_Work item_:
Reproduce the entries below exactly, but leave the pictures out.

(Brief descriptive captions)
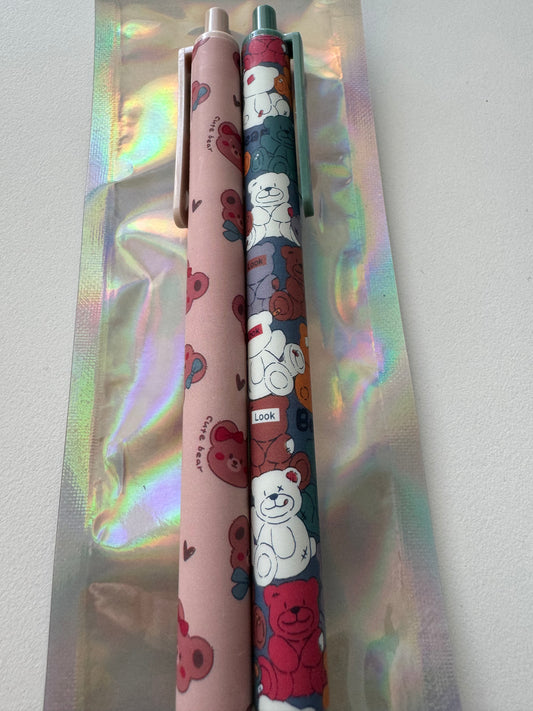Cute Animal Pens - Pack Of 2
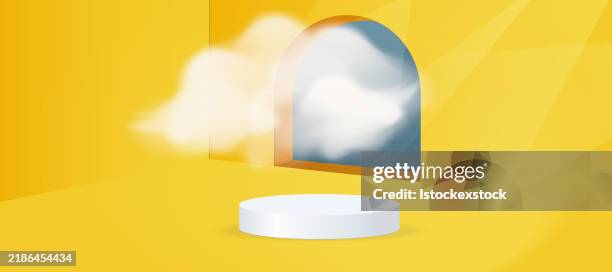 3d background products minimal podium scene with the geometric platform. - exhibit hall stock illustrations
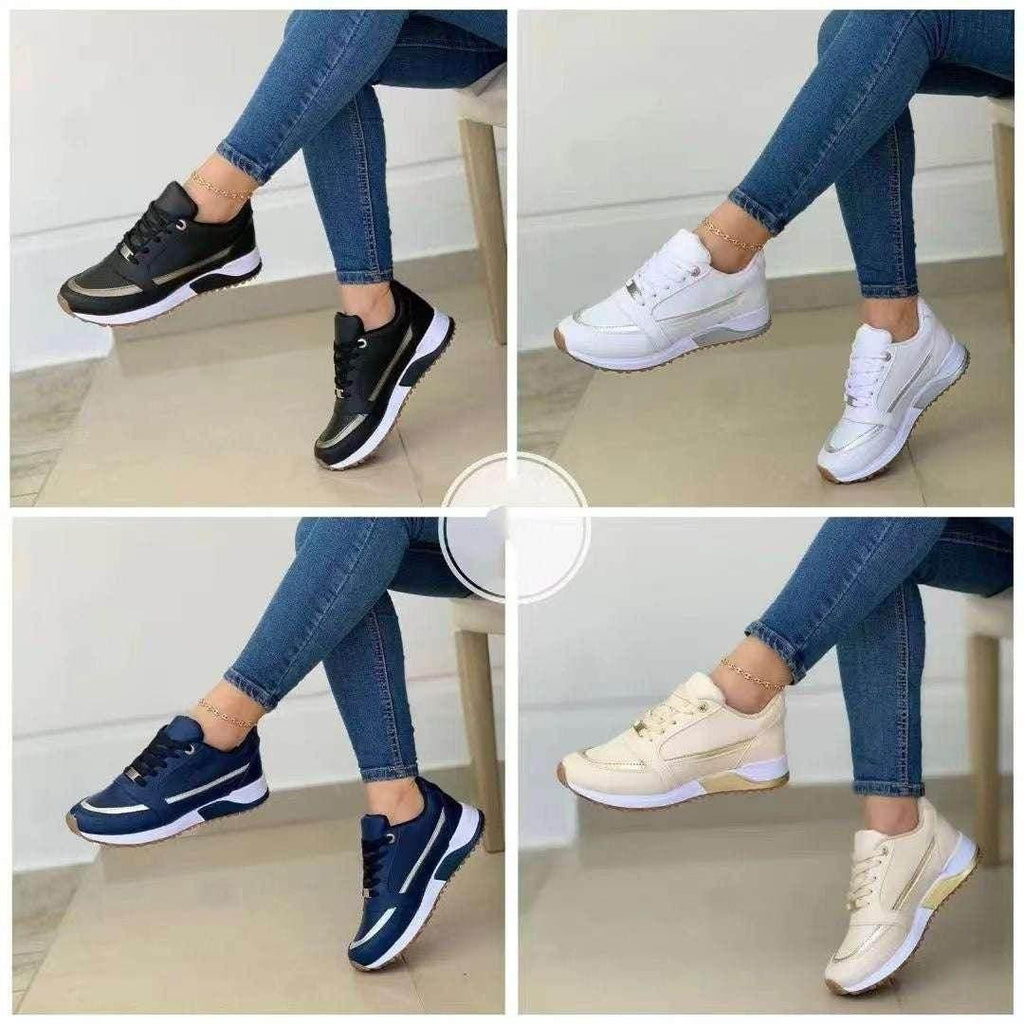 Casual Women’s Lace-Up Flats | Soft & Stylish Look - ZA-Zola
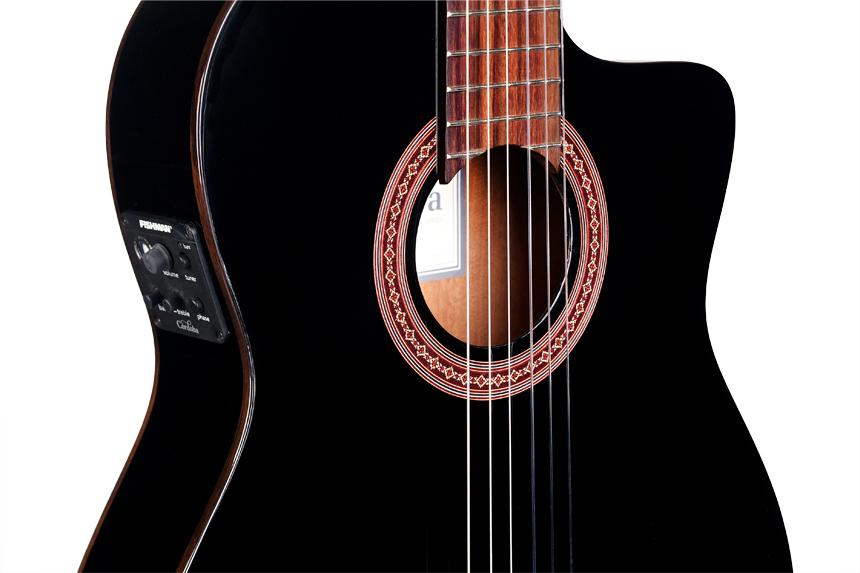 Cordoba Iberia C5-cet Thin Body - Black - Guitarra clásica 4/4 - Variation 1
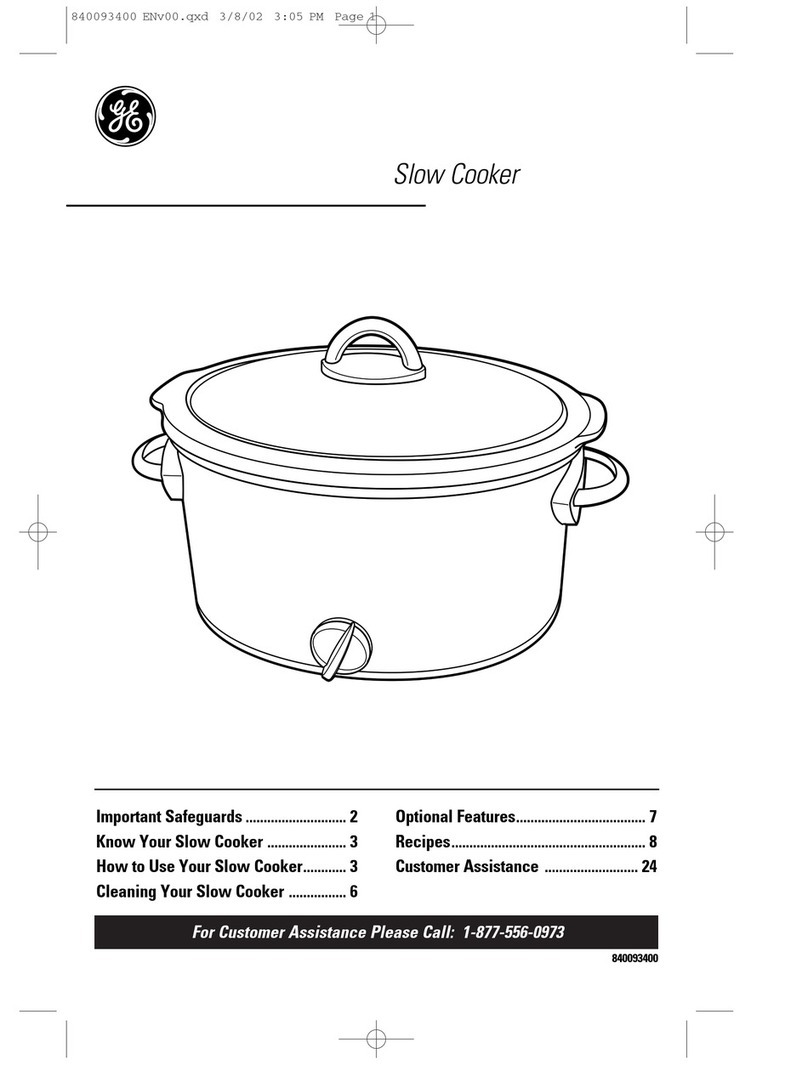 GE 106724 owner's manual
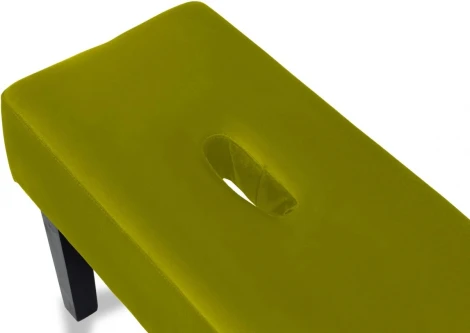 Табурет мягкий Handy ОГОГО (арт.670581), (Велюр,Экокожа/Оливковый)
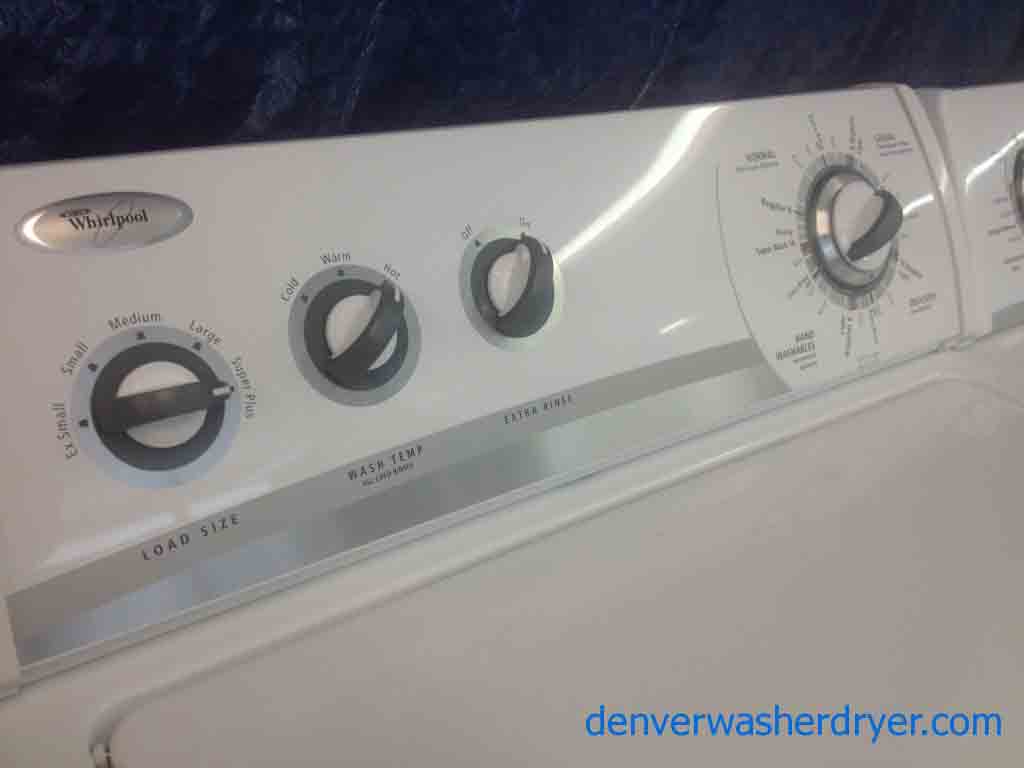 Whirlpool Washer/Dryer, Excellent Lightly Used Set, So nice!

_Solution below_:
Cute Animal Pens - Pack Of 2
 3d background products minimal podium scene with the geometric platform. - exhibit hall stock illustrations
 Casual Women’s Lace-Up Flats | Soft & Stylish Look - ZA-Zola
 Cordoba Iberia C5-cet Thin Body - Black - Guitarra clásica 4/4 - Variation 1
 GE 106724 owner's manual
 Табурет мягкий Handy ОГОГО (арт.670581), (Велюр,Экокожа/Оливковый)
 Whirlpool Washer/Dryer, Excellent Lightly Used Set, So nice!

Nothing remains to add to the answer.